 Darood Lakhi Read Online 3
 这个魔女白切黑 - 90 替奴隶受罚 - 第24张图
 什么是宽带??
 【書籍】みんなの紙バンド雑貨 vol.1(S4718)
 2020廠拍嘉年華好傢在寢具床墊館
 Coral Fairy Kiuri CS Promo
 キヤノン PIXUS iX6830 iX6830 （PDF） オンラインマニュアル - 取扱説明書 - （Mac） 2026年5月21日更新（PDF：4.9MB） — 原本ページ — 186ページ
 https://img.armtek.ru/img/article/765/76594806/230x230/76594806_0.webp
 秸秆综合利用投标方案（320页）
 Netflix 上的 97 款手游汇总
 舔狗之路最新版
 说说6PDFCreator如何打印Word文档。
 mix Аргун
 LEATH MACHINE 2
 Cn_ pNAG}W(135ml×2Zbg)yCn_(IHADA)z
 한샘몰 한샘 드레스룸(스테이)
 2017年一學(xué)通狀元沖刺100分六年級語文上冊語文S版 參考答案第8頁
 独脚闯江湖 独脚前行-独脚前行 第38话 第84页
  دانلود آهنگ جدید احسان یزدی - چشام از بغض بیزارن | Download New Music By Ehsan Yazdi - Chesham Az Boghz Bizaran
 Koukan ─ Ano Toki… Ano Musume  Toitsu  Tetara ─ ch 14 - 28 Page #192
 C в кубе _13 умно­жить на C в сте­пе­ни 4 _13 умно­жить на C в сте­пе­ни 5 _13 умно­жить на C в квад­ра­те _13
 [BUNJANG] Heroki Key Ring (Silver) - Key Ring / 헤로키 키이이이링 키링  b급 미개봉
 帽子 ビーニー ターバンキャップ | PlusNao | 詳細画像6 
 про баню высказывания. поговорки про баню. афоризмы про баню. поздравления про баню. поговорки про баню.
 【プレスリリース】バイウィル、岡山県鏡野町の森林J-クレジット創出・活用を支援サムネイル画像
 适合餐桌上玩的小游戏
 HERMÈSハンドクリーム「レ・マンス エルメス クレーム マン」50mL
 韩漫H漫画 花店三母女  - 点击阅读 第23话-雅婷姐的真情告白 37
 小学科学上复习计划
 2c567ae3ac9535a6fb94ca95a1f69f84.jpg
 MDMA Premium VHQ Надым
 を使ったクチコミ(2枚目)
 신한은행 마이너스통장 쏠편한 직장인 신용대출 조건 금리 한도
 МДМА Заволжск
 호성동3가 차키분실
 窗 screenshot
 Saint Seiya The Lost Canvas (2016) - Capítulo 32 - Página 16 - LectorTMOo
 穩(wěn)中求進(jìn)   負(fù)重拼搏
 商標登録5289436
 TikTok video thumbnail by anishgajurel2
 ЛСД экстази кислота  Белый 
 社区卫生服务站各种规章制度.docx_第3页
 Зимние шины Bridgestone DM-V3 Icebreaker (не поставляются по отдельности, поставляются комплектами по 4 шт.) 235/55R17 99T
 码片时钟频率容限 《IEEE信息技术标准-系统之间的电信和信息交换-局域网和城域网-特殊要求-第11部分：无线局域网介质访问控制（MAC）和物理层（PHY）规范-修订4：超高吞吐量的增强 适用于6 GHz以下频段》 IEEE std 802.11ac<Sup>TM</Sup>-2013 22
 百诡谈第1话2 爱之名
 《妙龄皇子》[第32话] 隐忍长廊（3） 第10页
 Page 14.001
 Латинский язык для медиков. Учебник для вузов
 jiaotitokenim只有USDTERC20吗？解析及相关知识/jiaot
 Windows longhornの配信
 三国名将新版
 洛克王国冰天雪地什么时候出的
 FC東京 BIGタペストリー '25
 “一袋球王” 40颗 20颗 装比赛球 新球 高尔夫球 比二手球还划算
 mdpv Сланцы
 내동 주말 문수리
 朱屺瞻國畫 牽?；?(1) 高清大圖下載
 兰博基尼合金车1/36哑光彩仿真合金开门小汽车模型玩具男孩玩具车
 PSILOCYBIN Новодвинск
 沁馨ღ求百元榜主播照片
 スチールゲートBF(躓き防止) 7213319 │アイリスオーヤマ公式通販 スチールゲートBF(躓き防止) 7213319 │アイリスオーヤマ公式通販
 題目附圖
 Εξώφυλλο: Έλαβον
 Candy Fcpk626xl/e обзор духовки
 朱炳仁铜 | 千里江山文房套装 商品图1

┄┄┄┄┄┄┄┄┄┄┄┄┄┄┄┄┄┄┄┄

What the task asks :: Return every line from the entries above that contains the word "Page".

Your response ::
 Koukan ─ Ano Toki… Ano Musume  Toitsu  Tetara ─ ch 14 - 28 Page #192
 Page 14.001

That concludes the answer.